Haven’t we all at some point, in having to deal with the issue of discipline, said to our child(ren), “What do you think I should do? How would you choose your punishment?” We ask this because we hope that our children can come to the point of realisation—realisation of not only the seriousness of their actions, and how it needs to be handled, but also realisation of how hard it is for us as parents to mete out discipline. We want them to understand that we don’t relish handing out punishment just like that, but that sometimes it’s necessary.

There was a period, somewhere around the age of three to four (and still going on to a lesser extent now) when the Boy was always getting himself into some sort of scrape or another which demanded action from us, the disciplinarians. Discipline was usually in the form of “Go sit on the stairs and think about what you did, and come back and apologise when you’re feeling calmer, and truly sorry.” (Eventually, worse offenses demanded a “Go to your room—and no playing with your toys!” or a “No treats for a week”. But for the most part, sitting on the stairs was punishment enough for a four-year-old boy.) The Boy got so used to his own misbehaviour and resulting punishment that it got to the point where, whenever he commited an offense, he’d look at us and say, “Do I have to go sit on the stairs now?” We didn’t even need to ask him; he just knew.
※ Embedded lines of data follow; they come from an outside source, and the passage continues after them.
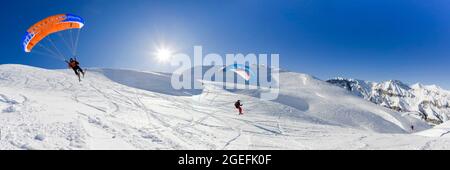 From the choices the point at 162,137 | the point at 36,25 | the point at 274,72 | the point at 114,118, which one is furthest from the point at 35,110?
the point at 274,72

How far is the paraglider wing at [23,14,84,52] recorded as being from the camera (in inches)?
690

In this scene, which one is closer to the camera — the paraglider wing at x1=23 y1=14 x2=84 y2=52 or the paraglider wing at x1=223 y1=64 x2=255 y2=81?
the paraglider wing at x1=23 y1=14 x2=84 y2=52

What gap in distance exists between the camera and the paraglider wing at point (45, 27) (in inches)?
690

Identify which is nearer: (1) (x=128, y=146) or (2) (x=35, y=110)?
(1) (x=128, y=146)

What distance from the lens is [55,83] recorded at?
24781mm

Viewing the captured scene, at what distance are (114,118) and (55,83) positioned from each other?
16516mm

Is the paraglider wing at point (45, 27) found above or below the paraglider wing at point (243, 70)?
above

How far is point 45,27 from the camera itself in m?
17.7

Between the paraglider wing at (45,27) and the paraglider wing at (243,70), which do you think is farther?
the paraglider wing at (243,70)

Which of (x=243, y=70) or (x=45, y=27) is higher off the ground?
(x=45, y=27)

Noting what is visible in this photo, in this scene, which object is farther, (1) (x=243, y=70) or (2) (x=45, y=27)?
(1) (x=243, y=70) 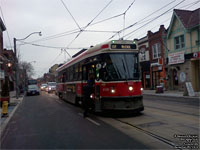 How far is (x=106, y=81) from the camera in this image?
9430 mm

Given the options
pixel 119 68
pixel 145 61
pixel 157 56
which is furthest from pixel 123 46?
pixel 145 61

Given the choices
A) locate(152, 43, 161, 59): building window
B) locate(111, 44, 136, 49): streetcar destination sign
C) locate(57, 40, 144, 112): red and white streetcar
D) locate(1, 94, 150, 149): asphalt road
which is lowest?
locate(1, 94, 150, 149): asphalt road

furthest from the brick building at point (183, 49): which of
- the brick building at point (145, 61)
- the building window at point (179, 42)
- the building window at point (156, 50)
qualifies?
the brick building at point (145, 61)

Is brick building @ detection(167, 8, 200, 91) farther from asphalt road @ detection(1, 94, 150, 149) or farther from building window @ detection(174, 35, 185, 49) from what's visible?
asphalt road @ detection(1, 94, 150, 149)

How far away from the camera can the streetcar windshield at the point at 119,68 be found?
942 centimetres

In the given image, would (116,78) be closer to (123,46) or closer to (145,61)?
(123,46)

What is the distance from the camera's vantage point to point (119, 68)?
9492 mm

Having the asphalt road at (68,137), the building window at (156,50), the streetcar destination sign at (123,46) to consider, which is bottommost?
the asphalt road at (68,137)

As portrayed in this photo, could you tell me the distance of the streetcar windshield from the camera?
9422 millimetres

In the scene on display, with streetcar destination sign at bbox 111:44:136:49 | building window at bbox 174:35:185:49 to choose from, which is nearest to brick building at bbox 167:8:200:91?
building window at bbox 174:35:185:49

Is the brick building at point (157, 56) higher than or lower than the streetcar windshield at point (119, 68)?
higher

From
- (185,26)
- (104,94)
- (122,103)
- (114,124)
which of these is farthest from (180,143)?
(185,26)

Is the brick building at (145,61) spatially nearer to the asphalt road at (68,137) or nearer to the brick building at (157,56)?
the brick building at (157,56)

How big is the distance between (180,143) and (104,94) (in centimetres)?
447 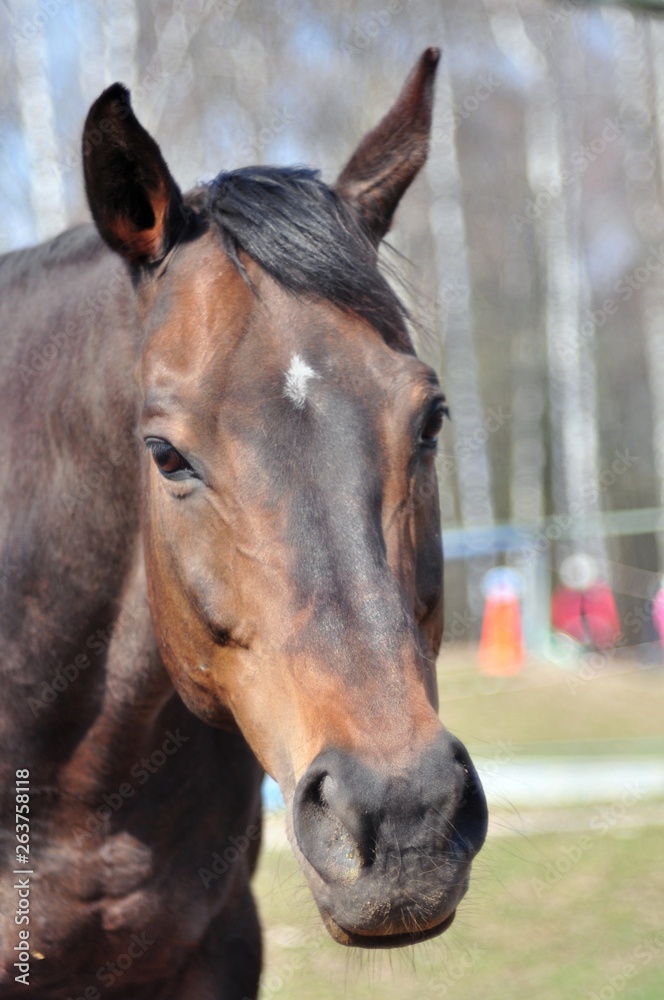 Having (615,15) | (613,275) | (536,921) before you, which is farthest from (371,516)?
(613,275)

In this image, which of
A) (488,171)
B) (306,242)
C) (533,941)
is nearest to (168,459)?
(306,242)

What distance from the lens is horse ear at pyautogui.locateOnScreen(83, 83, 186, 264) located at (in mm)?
2389

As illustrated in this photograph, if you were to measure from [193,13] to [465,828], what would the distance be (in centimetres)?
1506

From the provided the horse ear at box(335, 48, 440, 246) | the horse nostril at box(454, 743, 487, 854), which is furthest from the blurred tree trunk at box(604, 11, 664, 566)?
the horse nostril at box(454, 743, 487, 854)

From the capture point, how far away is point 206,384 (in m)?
2.18

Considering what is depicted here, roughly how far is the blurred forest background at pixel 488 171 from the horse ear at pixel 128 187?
27.9 feet

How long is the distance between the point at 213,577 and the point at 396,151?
1454mm

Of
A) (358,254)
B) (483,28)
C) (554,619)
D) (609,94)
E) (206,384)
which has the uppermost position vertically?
(483,28)

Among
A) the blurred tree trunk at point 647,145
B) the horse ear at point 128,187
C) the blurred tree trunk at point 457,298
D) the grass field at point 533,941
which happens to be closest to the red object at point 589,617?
the grass field at point 533,941

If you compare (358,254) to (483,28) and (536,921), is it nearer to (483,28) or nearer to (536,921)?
(536,921)

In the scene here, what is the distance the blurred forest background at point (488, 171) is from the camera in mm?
13352

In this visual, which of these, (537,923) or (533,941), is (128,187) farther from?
(537,923)

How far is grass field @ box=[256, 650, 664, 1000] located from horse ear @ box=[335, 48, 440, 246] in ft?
7.56

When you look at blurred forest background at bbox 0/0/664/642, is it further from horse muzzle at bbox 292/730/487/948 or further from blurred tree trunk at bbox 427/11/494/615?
horse muzzle at bbox 292/730/487/948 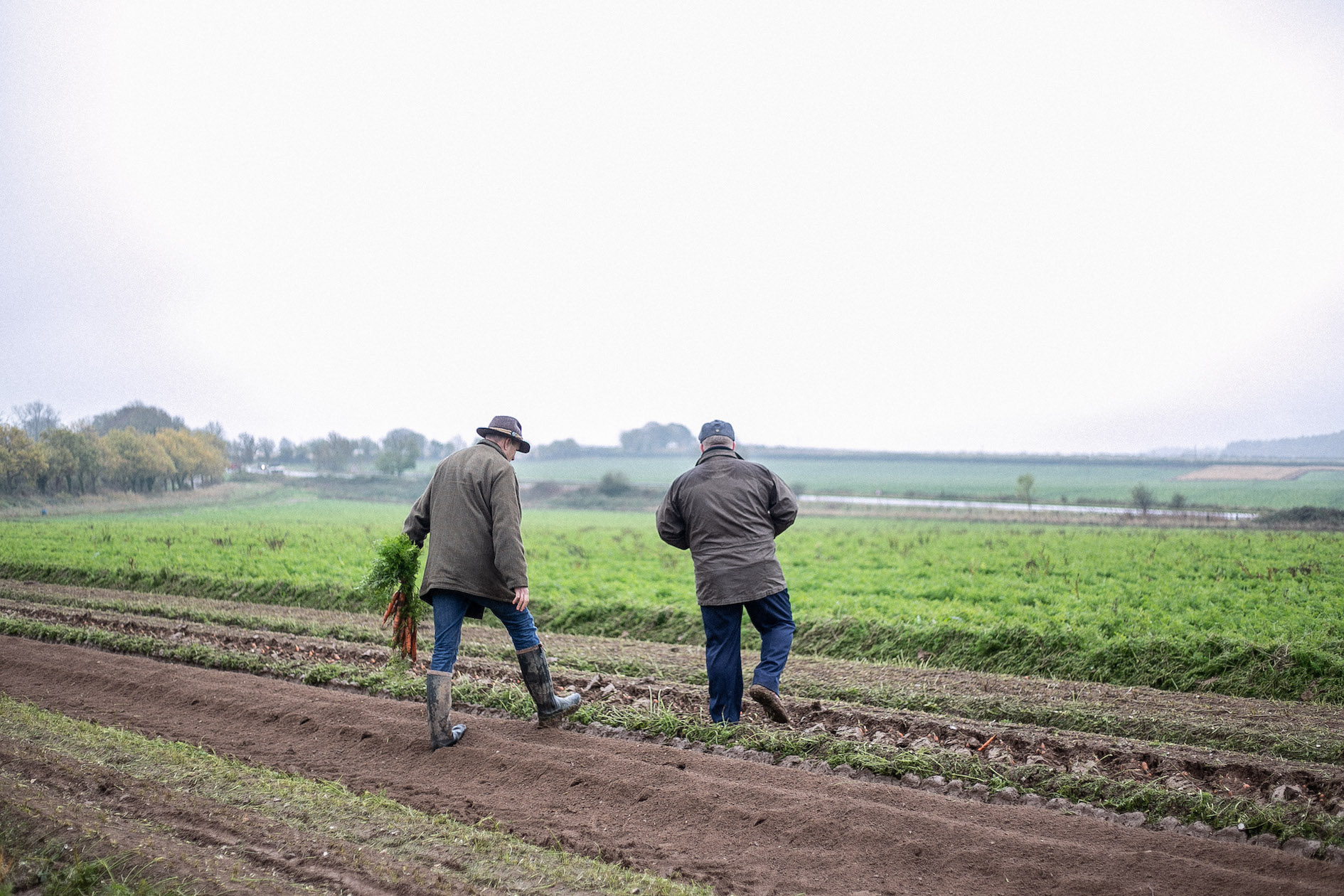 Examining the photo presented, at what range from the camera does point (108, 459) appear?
733 inches

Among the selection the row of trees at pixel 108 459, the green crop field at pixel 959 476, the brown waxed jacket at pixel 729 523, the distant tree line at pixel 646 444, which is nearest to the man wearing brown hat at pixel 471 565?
the brown waxed jacket at pixel 729 523

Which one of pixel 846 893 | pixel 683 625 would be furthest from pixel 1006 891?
pixel 683 625

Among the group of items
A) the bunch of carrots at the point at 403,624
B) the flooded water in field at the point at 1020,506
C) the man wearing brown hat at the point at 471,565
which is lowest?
the flooded water in field at the point at 1020,506

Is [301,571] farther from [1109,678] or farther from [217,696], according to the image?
[1109,678]

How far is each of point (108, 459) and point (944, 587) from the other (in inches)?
726

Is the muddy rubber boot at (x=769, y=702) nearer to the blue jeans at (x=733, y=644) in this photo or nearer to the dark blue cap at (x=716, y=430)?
the blue jeans at (x=733, y=644)

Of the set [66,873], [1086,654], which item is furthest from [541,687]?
[1086,654]

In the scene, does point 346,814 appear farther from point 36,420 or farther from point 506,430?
point 36,420

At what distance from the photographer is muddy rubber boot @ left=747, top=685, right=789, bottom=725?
6.12 meters

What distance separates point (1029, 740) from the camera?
581cm

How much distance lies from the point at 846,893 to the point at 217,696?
5.86 meters

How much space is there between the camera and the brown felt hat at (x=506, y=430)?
20.7ft

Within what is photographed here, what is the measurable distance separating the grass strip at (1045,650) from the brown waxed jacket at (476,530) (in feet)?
19.3

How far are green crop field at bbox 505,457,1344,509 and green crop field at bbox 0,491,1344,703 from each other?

During that period, I had the insane confidence and courage that I could take both kids on a month-long trip to B.C. to visit their grandparents whom they don’t see often. I knew going in that A) just because he was in a different house wouldn’t mean that his behaviour would improve, and B) grandparents are the biggest softies at heart. Sure enough, minor physical violence against his sister continued behind my back, and when I found out about it, the Boy’s new spot became the grandparents’ stairs.

It was always me putting him on the stairs, because my parents saw him as the wonderful grandson who could do no wrong. So one day, my mother came to me and said, “Why is the Boy sitting on the stairs? What did he do now?”

“I don’t know,” I replied. “I didn’t see or hear anything.” So I went to ask him what had happened, and he confessed his wrongdoing at that moment. He said that he felt he should sit on the stairs. Then he said the funniest, most heartwarming thing ever:

“I miss my stairs at home,” he said with a sad sigh. During punishment, there’s comfort in familiar surroundings.

I felt a mixture of emotions over his words: I was sad for him that he didn’t have that familiarity during a tough period. At the same time, I was proud that even in strange surroundings, he was still aware enough of his behaviour, to mete out some tough discipline and know where he needed to be.